Lab 05-A Introduction to Tableau

RE 519 Data Analytics and Visualization | Autumn 2025


In this lab, we are going to use Tableau, a business intelligence and analytics platform that allows users to create interactive visualizations and dashboards to understand data. It provides free access to students. Please try to download Tableau for Students in advance.

The due day for each lab can be found on the course wesbite. The submission should include Rmd, html, and any other files required to rerun the codes. For Tableau, submit your Tableau packaged workbook (.tbwx) This will include any excel files that you attach so that when you share the file anyone with Tableau can open it!

From Lab 4, the use of any generative AI tool (ChatGPT, Copilot, etc.) is allowed.

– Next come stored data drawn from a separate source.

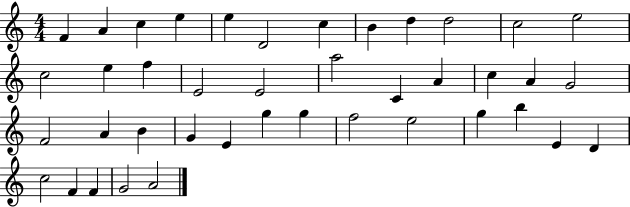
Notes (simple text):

F4/q A4/q C5/q E5/q E5/q D4/h C5/q B4/q D5/q D5/h C5/h E5/h C5/h E5/q F5/q E4/h E4/h A5/h C4/q A4/q C5/q A4/q G4/h F4/h A4/q B4/q G4/q E4/q G5/q G5/q F5/h E5/h G5/q B5/q E4/q D4/q C5/h F4/q F4/q G4/h A4/h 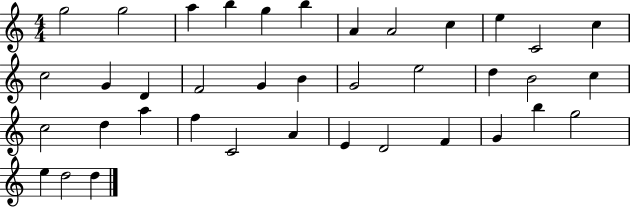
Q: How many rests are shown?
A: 0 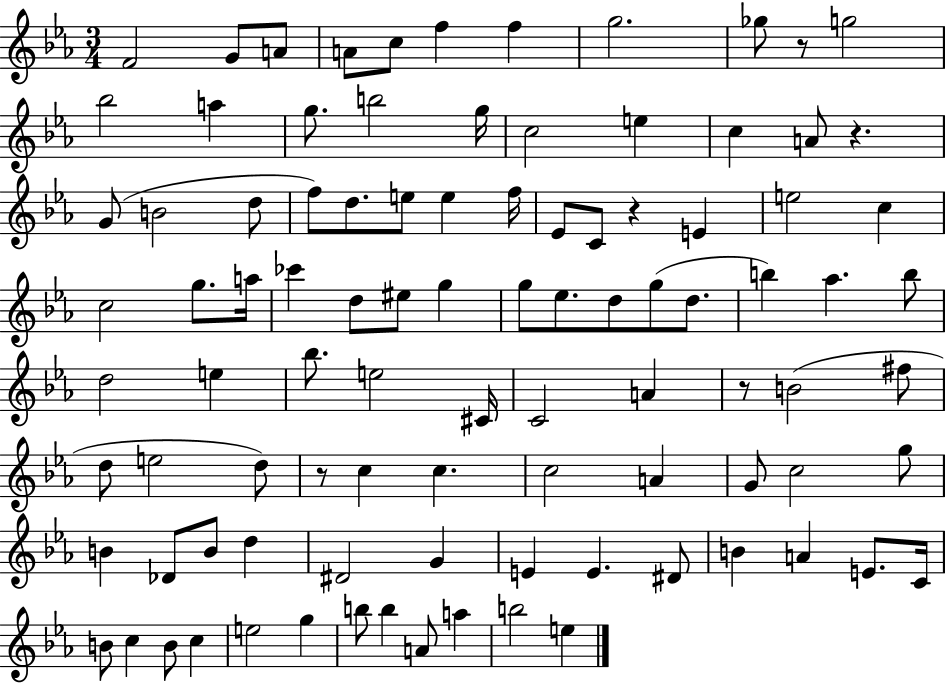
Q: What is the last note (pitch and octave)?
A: E5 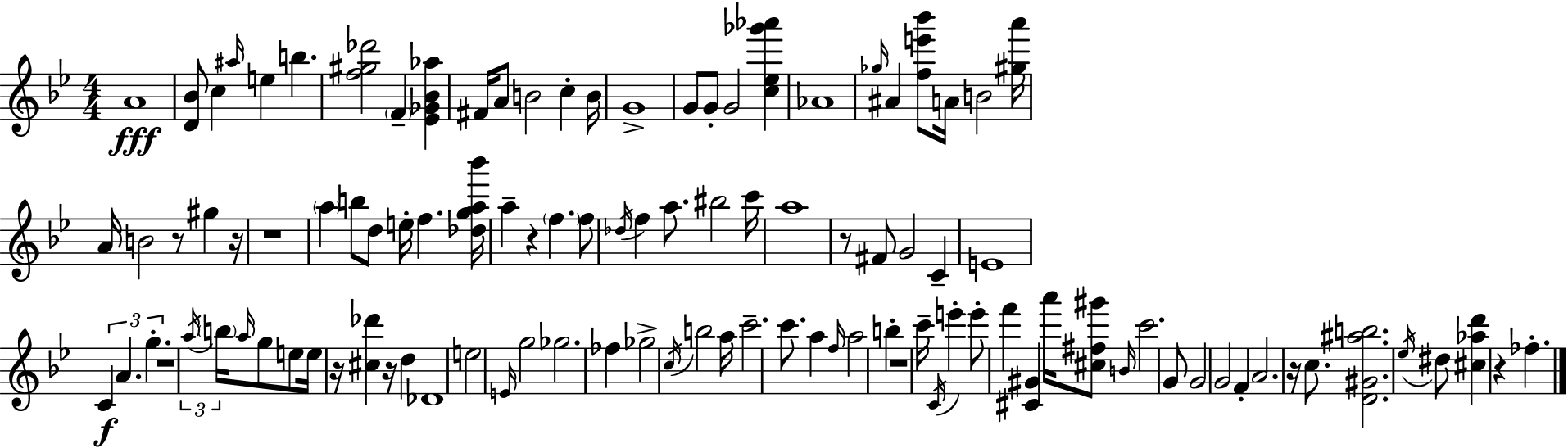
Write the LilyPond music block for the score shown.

{
  \clef treble
  \numericTimeSignature
  \time 4/4
  \key bes \major
  a'1\fff | <d' bes'>8 c''4 \grace { ais''16 } e''4 b''4. | <f'' gis'' des'''>2 \parenthesize f'4-- <ees' ges' bes' aes''>4 | fis'16 a'8 b'2 c''4-. | \break b'16 g'1-> | g'8 g'8-. g'2 <c'' ees'' ges''' aes'''>4 | aes'1 | \grace { ges''16 } ais'4 <f'' e''' bes'''>8 a'16 b'2 | \break <gis'' a'''>16 a'16 b'2 r8 gis''4 | r16 r1 | \parenthesize a''4 b''8 d''8 e''16-. f''4. | <des'' g'' a'' bes'''>16 a''4-- r4 \parenthesize f''4. | \break f''8 \acciaccatura { des''16 } f''4 a''8. bis''2 | c'''16 a''1 | r8 fis'8 g'2 c'4-- | e'1 | \break \tuplet 3/2 { c'4\f a'4. g''4.-. } | r1 | \tuplet 3/2 { \acciaccatura { a''16 } \parenthesize b''16 \grace { a''16 } } g''8 e''8 e''16 r16 <cis'' des'''>4 | r16 d''4 des'1 | \break e''2 \grace { e'16 } g''2 | ges''2. | fes''4 ges''2-> \acciaccatura { c''16 } b''2 | a''16 c'''2.-- | \break c'''8. a''4 \grace { f''16 } a''2 | b''4-. r1 | c'''16-- \acciaccatura { c'16 } e'''4-. e'''8-. | f'''4 <cis' gis'>4 a'''16 <cis'' fis'' gis'''>8 \grace { b'16 } c'''2. | \break g'8 g'2 | g'2 f'4-. a'2. | r16 c''8. <d' gis' ais'' b''>2. | \acciaccatura { ees''16 } dis''8 <cis'' aes'' d'''>4 | \break r4 fes''4.-. \bar "|."
}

But, I still encourage you to write codes by yourself and use AI tools as a way to debug and explore new knowledge. More information about Academic Integrity and the Use of AI.

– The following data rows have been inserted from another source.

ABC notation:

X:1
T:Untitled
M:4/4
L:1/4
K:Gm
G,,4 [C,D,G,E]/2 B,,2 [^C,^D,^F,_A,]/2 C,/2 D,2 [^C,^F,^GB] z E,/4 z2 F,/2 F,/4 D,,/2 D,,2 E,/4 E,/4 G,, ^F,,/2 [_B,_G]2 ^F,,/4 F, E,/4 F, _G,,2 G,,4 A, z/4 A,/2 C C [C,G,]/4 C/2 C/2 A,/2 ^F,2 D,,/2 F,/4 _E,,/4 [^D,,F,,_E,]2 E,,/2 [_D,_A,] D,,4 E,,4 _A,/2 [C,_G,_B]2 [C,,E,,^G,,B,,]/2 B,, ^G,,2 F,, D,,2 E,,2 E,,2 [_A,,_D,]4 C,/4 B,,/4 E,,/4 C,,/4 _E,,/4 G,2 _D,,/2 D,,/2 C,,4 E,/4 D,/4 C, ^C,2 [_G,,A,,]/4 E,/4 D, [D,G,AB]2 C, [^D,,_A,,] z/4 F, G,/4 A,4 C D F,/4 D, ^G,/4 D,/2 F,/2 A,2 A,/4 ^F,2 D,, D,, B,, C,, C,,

Lab 05-A: Introduction to Tableau

In this lab, we will use Seattle Airbnb listing data published by Inside Airbnb. Inside Airbnb is a mission driven project that provides data and advocacy about Airbnb’s impact on residential communities. They published a report on Platform Failures: How Short-Term Rental Platforms like Airbnb fail to cooperate with cities and the need for strong regulations to protect housing which may be interesting to you.

The data we will use was published on 21 June, 2025 and you can explore the data using their visualization tool. Please check the data dictionary below.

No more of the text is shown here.